# Mouse Phenotyping, Physiology, and Metabolism Core

> **NIH NIH P30** · UNIVERSITY OF PENNSYLVANIA · 2021 · $216,777

## Abstract

Our understanding of the pathogenesis of diabetes, obesity and other metabolic disorders has benefited
greatly from the use of dietary interventions and gene targeting methodology in mice to elucidate molecular
mechanisms. However, such efforts are often hampered by a lack of facilities or expertise for metabolic
phenotyping. The Mouse Phenotyping, Physiology and Metabolism Core provides investigators of the Penn
Diabetes and Endocrinology Research Center (DRC) with access to state-of-the-art, timely and cost-effective
resources for performing metabolic studies in mice.
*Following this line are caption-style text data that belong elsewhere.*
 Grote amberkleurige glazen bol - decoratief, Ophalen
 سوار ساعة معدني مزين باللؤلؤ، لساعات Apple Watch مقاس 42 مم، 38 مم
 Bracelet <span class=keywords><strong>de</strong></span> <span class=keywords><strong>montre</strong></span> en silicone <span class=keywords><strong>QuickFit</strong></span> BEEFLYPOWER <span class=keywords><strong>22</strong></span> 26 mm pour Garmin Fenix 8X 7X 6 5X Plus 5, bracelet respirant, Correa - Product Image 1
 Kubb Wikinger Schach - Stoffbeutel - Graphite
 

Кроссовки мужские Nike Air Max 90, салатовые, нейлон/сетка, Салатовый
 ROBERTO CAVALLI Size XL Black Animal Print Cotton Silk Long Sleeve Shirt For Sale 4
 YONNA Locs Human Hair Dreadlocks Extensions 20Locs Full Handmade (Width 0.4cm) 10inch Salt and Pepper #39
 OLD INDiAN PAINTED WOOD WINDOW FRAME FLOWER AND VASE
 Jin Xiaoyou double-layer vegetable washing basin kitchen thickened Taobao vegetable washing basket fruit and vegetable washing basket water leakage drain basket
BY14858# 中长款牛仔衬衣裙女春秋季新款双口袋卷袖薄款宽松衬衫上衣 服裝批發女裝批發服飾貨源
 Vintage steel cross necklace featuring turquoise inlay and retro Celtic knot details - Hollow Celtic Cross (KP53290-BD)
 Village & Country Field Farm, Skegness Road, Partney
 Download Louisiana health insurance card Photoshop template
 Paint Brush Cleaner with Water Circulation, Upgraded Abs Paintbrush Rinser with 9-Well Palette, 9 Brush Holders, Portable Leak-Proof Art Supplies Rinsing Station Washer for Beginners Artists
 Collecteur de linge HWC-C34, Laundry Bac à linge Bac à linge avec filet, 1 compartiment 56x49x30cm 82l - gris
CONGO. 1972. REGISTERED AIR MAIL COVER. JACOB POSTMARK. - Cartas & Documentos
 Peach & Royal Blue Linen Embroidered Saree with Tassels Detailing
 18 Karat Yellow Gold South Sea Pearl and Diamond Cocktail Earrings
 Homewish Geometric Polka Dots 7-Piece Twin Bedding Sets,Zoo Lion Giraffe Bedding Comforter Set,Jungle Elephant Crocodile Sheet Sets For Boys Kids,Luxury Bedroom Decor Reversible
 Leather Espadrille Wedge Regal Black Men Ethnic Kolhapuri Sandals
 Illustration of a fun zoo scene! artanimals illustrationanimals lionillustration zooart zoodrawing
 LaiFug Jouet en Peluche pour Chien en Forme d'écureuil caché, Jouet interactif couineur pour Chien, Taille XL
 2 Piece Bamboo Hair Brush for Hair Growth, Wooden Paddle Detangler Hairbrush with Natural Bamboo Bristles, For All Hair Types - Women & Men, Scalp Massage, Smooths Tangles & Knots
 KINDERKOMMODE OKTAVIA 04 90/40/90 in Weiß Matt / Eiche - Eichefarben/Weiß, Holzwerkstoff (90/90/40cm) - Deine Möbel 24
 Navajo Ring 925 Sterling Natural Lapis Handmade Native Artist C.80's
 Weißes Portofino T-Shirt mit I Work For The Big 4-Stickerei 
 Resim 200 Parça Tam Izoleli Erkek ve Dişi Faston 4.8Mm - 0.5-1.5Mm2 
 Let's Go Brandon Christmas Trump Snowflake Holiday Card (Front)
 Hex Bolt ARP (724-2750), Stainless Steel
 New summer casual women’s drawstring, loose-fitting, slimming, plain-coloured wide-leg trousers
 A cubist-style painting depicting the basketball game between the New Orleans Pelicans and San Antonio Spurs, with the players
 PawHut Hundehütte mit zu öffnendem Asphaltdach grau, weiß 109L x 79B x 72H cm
The core offers consultation and assistance with
experimental design, and an expanding list of services including Comprehensive Laboratory Animal Monitoring
System (CLAMS) that can simultaneously record energy expenditure, locomotor activity, eating and drinking,
glucose and insulin clamp studies (including radioactive tracers for determining hepatic glucose output and
uptake into other tissues), measurement of body composition using dual emission x-ray absorptiometry
(DEXA) and nuclear magnetic resonance spectroscopy, thermal imaging, exercise capacity, and a variety of
standard metabolic assays. In addition to the many existing services that have been critical to the productivity
of DRC investigators, we are excited to be providing new services aimed at phenotyping in variably controlled
conditions of ambient temperature and light, as well as facilitating metabolic flux studies through the
development of “cold clamp” techniques for delivery of isotope-labeled metabolites while controlling glucose
and insulin levels. Studies in the core are performed by two research specialists and a technical director under
the leadership of Dr. Joseph Baur and coordinated with other core laboratories including the Biomarkers and
Metabolomics cores. These efforts allow DRC investigators to rapidly translate ideas from the bench to mice as
the first critical steps toward new therapeutic approaches for the multitude of patients suffering form diabetes
and related disorders.

## Key facts

- **NIH application ID:** 10137222
- **Project number:** 5P30DK019525-45
- **Recipient organization:** UNIVERSITY OF PENNSYLVANIA
- **Principal Investigator:** Joseph A. Baur
- **Activity code:** P30 (R01, R21, SBIR, etc.)
- **Funding institute:** NIH
- **Fiscal year:** 2021
- **Award amount:** $216,777
- **Award type:** 5
- **Project period:** 1997-03-01 → 2022-03-31

## Primary source

NIH RePORTER: https://reporter.nih.gov/project-details/10137222

## Citation

> US National Institutes of Health, RePORTER application 10137222, Mouse Phenotyping, Physiology, and Metabolism Core (5P30DK019525-45). Retrieved via AI Analytics 2026-05-24 from https://api.ai-analytics.org/grant/nih/10137222. Licensed CC0.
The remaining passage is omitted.